Forty minutes later, shortly after she passed the sign for Chatham, she spotted the kind of motel she was looking for. It had a flashing
VACANCY
sign and was next to a diner. “The Shell and Dune,” she said, reading the name aloud. “It'll do.” She turned the van off the road and pulled into a parking spot near the office door, but not where Kathy could be seen from inside the office.

The sallow-faced clerk at the desk was on the phone with his girlfriend and barely glanced up as he handed her a registration form. Again, on the chance that the Hyannis cop might send out an all-points bulletin, she decided not to use Linda Hagen's name. But if he asks for an ID, I have to show him something, she thought, reluctantly pulling out her own driver's license. She made up a license plate number and scrawled it on the slip. She was sure the clerk, deep in his conversation, wouldn't bother to check it. He took the cash for an overnight stay and tossed her a key. Feeling somewhat more secure now, Angie got back in the van, drove
around to the back of the motel, and went into the room.

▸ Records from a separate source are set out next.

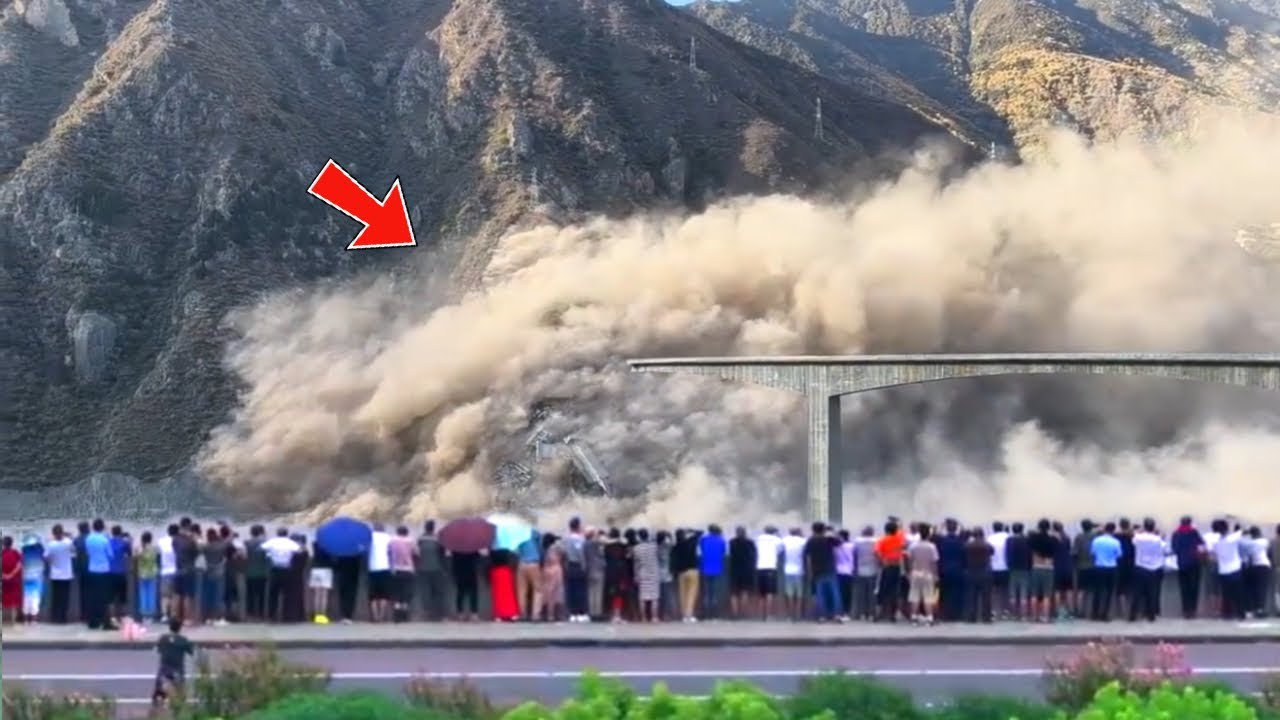 Hongqi Bridge in Sichuan Collapses After Completion 🏗️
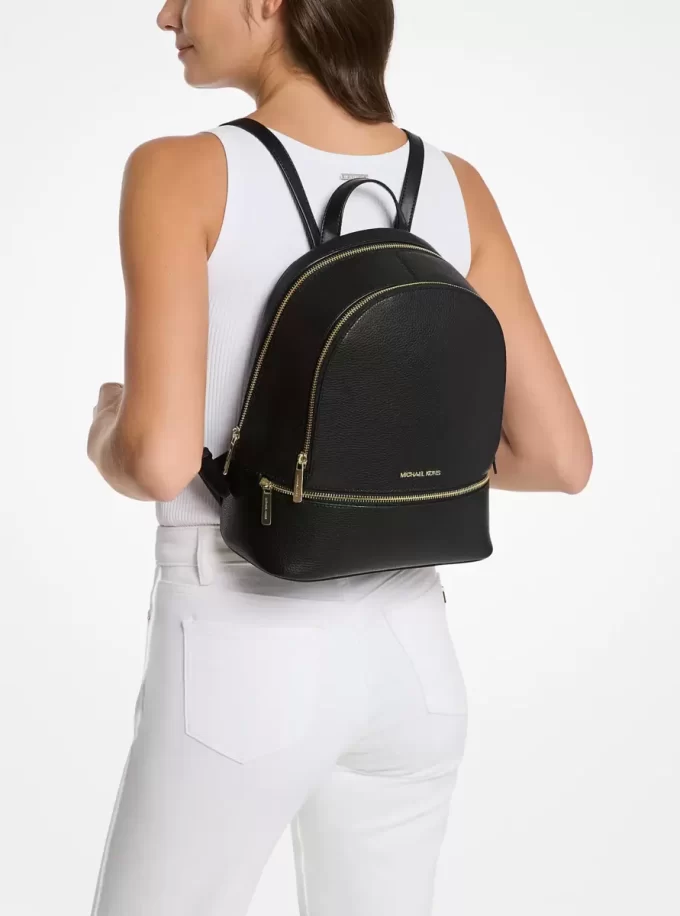 Mochila mediana Rhea de piel granulada Mochila mediana Rhea de piel granulada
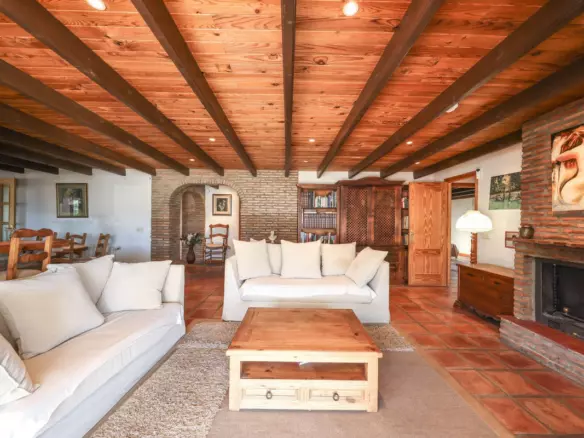 3-bedroom Villa In Guaro, Spain (222 M²)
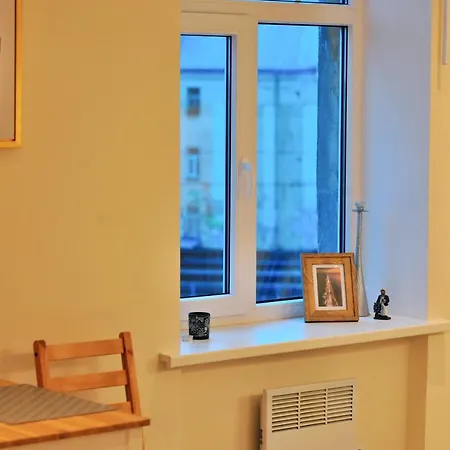 Gertrudes In Light-filled In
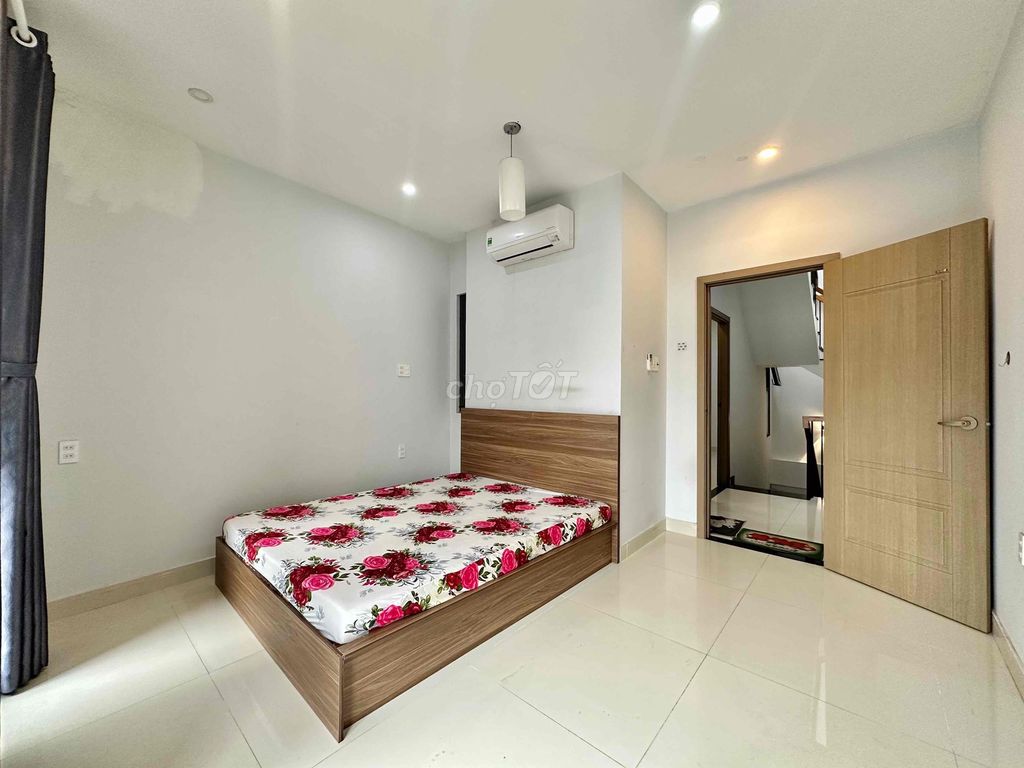 It's the owner of the new house - 4 bedroom 3 toilets - airport district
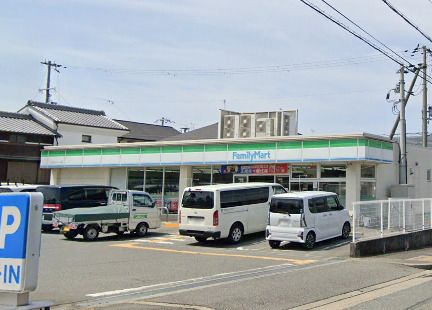 ファミリーマート 大久保インター北店の画像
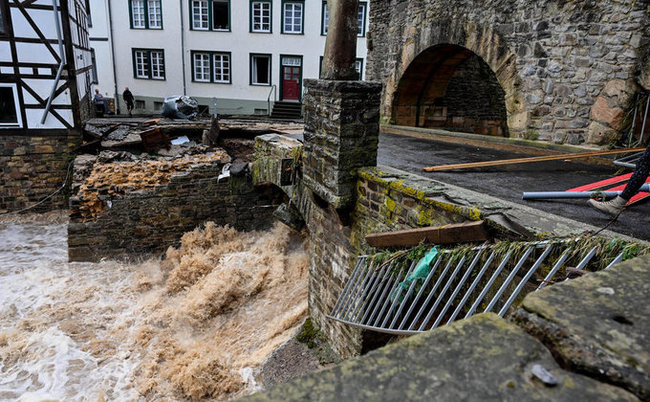Германию затопило: 42 человека погибли, около 70 пропали без вести 20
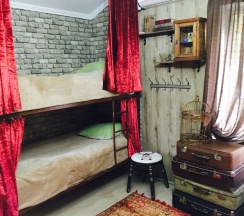 Кровать в общем номере (мужской номер) в Wanderlust hostel Riverside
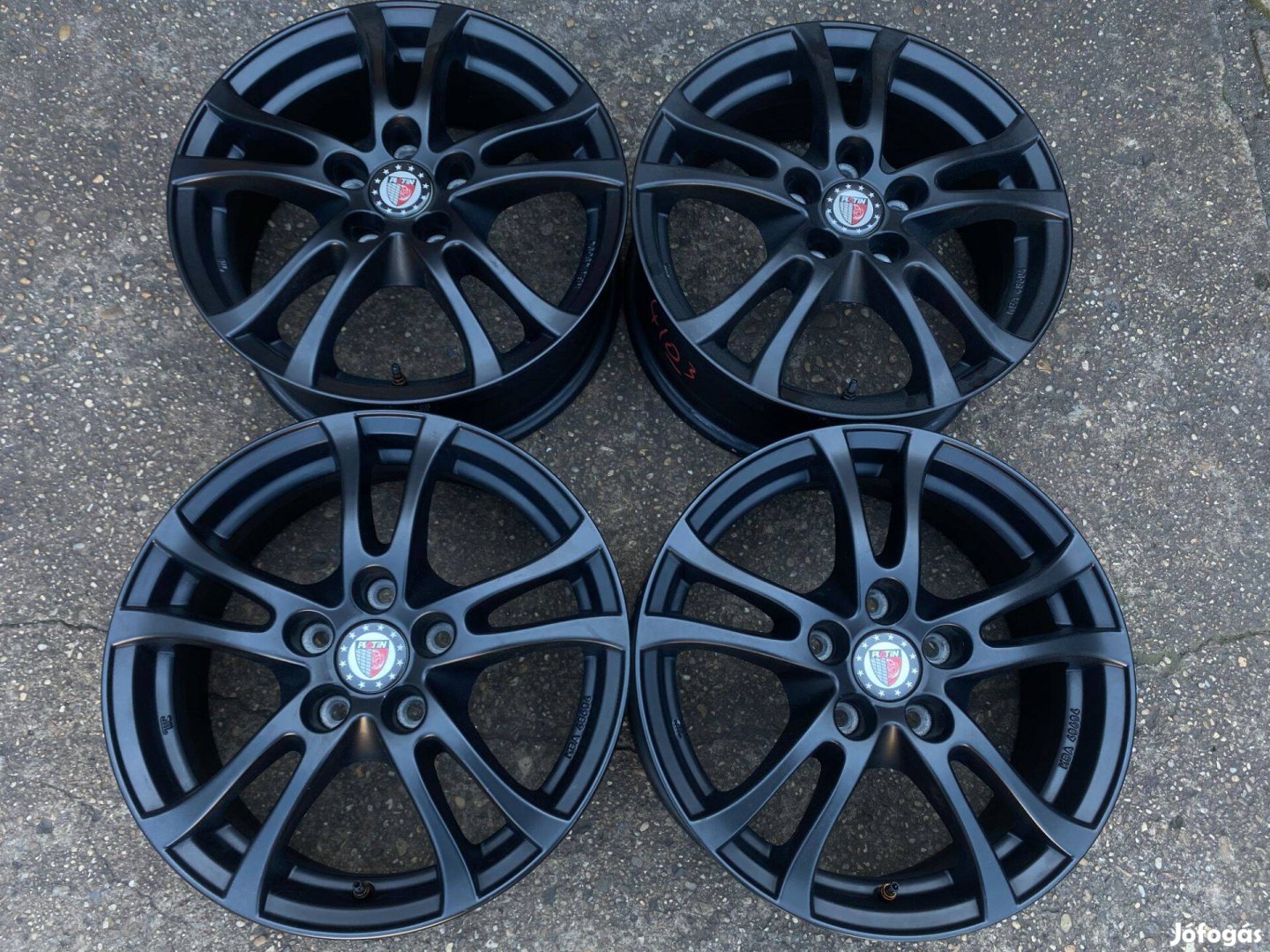 4db Platin 16 VW Skoda Seat alufelni. (4103)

“Better than the last place,” she said aloud as she hid the suitcase under the bed. She went back outside for Kathy, who did not wake up as she was taken from the car seat. Boy, that fever is getting worse, Angie thought. At least she doesn't fight the baby aspirin. She probably thinks it's candy. I'll wake her up and make her take some now.

But first I'd better call Clint.

He answered on the first ring. “Where the hell are you?” he barked. “Why didn't you call back sooner? I've been sweating here, wondering if you were in jail.”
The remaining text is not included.